**Task goal:** Would you write out each line of the material below exactly, skipping every picture?

**Records for this task:**
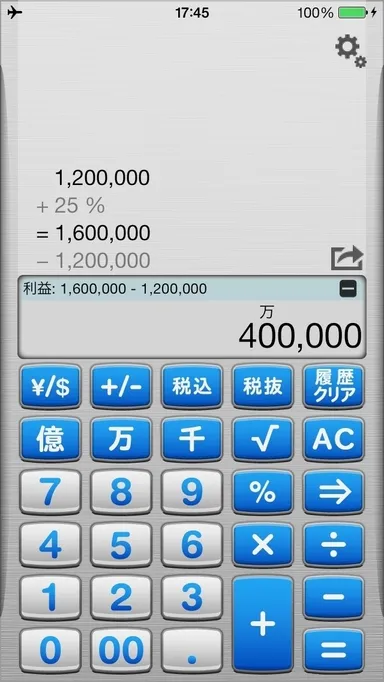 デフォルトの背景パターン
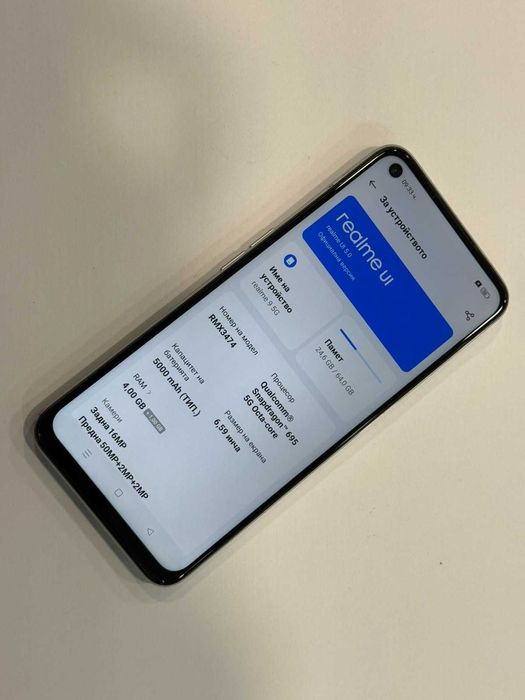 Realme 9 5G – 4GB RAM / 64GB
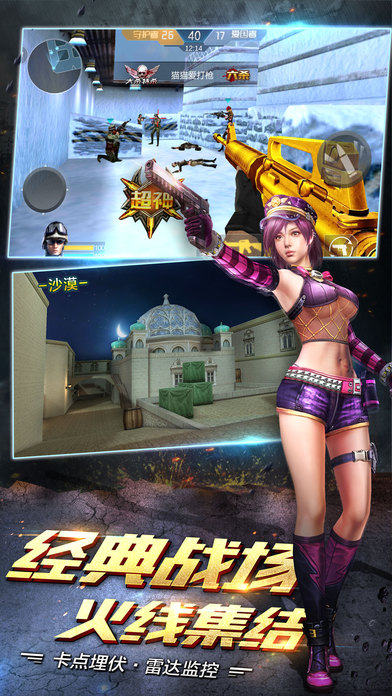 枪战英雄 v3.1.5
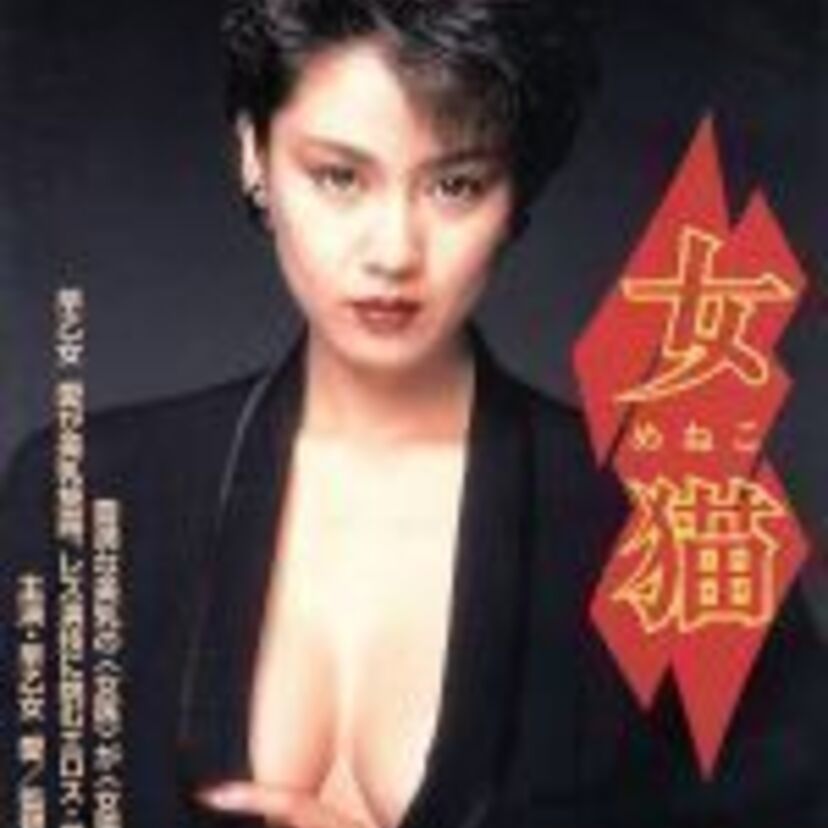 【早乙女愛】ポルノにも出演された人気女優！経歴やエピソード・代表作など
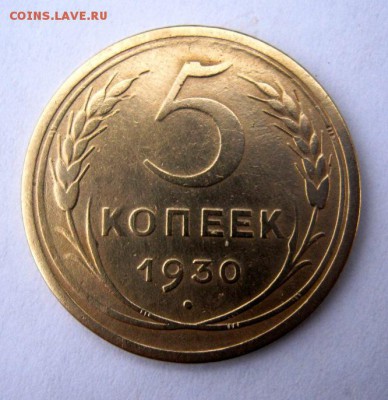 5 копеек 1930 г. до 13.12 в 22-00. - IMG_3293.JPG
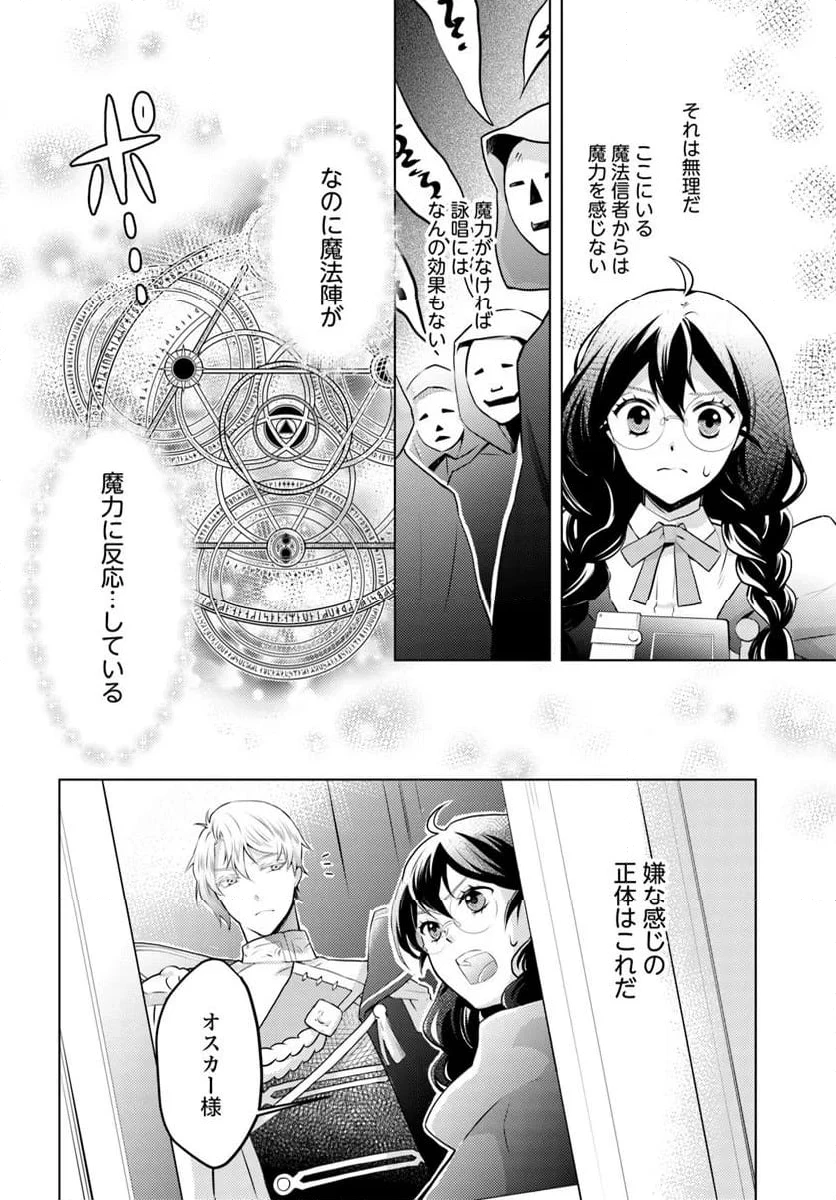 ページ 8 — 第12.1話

**Exercise response:**
 デフォルトの背景パターン
 Realme 9 5G – 4GB RAM / 64GB
 枪战英雄 v3.1.5
 【早乙女愛】ポルノにも出演された人気女優！経歴やエピソード・代表作など
 5 копеек 1930 г. до 13.12 в 22-00. - IMG_3293.JPG
 ページ 8 — 第12.1話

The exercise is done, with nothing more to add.